Most researchers don’t seem to think carefully about what they put in their regression models as statistical controls. By controlling for a variable, you attempt to hold that variable at a constant value while letting another variable vary to see what effect that has. If you include multiple controls, these are all kept constant insofar as possible with the given dataset. The usual interpretation applied to the model results usually assume a simple causal model namely that the dependent variable is caused by everything else directly, and these other variables aren’t caused by the dependent variable, and neither do they cause each other. If some of the predictors have causal relationships among each other, then the ultimate variables will have their effect size reduced to whichever effects that aren’t mediated by the other variables. For instance, if you predict wealth of a person as a function of their income and sex, you might find that men aren’t wealthier than women (controlling for income). In other words, men are wealthier but not if you look at men and women with the same income, or alternatively, that income differences explain all of the sex difference in wealth (I don’t know whether this is true, it’s an example.).

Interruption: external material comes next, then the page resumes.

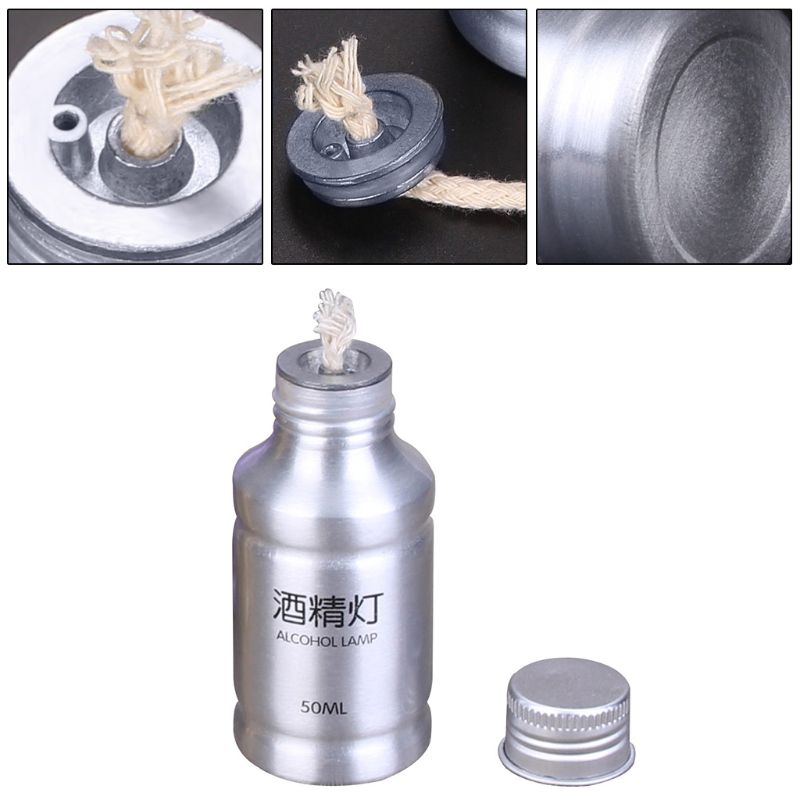 Portable Mini 50ml Aluminum Alloy Alcohol Burner Lamp Chemistry Lab Equipment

In many cases, researchers add as controls to their regression models just about every other variable they have, resulting in a so-called kitchen sink approach. They then interpret the discovered coefficients as the causal effects in some important sense. We saw an example of this yesterday with the German migrant crime data. Areas with more migrants aren’t more criminal than average (controlling for the unemployment rate, the German crime rate, the male %, and the mean age). This controls too much for the interpretation of the results to tell us about relevant causality (obviously, the migrants in low unemployment rate areas with low-crime Germans aren’t regular migrants, it’s improper to control for these factors). This kind of controlling for problematic variables error is sometimes called the Mount Everest regression fallacy (a few others have named other Everest fallacies unrelated to this). Mount Everest is not cold (controlling for altitude). This idea has been mentioned a few times (seems to be from Garett Jones), but no one seems to have empirically shown that it is true. So let’s try!
The data:
- There is a dataset of 10k towns with at least 10k population size here. It is based on Wikipedia and includes somewhat dirty climate data, but not altitude.

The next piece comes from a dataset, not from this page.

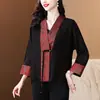 Jaqueta Curta Elegante de Alta Qualidade Plus Size em Tecido de Seda Fragrante Nuvem de Seda Outono Novo Estilo Chinês Retrô Cardigã de Seda Top Camisa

- I downloaded elevation (altitude) and annual temperature worldwide data from here. Then I looked up the location of each town + Mount Everest. This is not entirely precise because these are based on a grid of the Earth of 1 km² size. Mount Everest has an altitude of 8424 m here instead of the peak of 8848.

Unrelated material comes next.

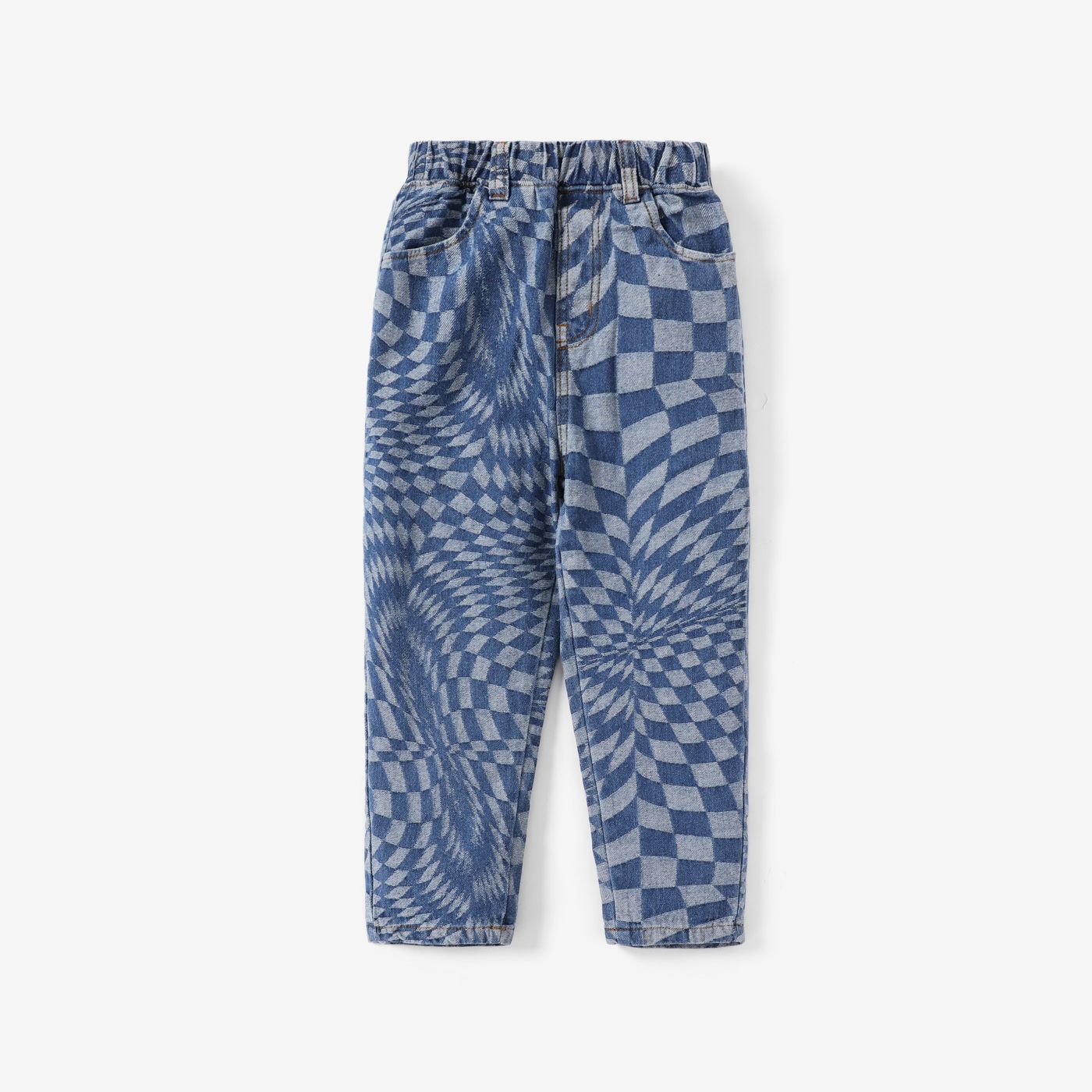 

Kid Girl Stylish Irregular Grid Pattern Denim Jeans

First, the correlations among the variables:
Mainly, temperature is predicted by latitude, not actually altitude. This is because the towns in mountains tend to be at warmer places (r = -0.24 with abs. latitude), presumably related to where humans choose to settle.
The pairwise relationships look like this:
Mount Everest is a negative outlier for each of the simple relationships. Let’s try their combination:
Altitude by itself explains just about nothing (r = -0.04), absolute latitude explains quite a lot (-0.88, 77% variance), their combination even more so (83.6% variance), and the interaction adds a bit more (84.1%). So, is Mount Everest actually cold (controlling for latitude and altitude)?
No, it turns out that Mount Everest is actually warm (controlling for altitude and latitude and their interaction). It is a positive outlier, so it is a few degrees warmer than expected!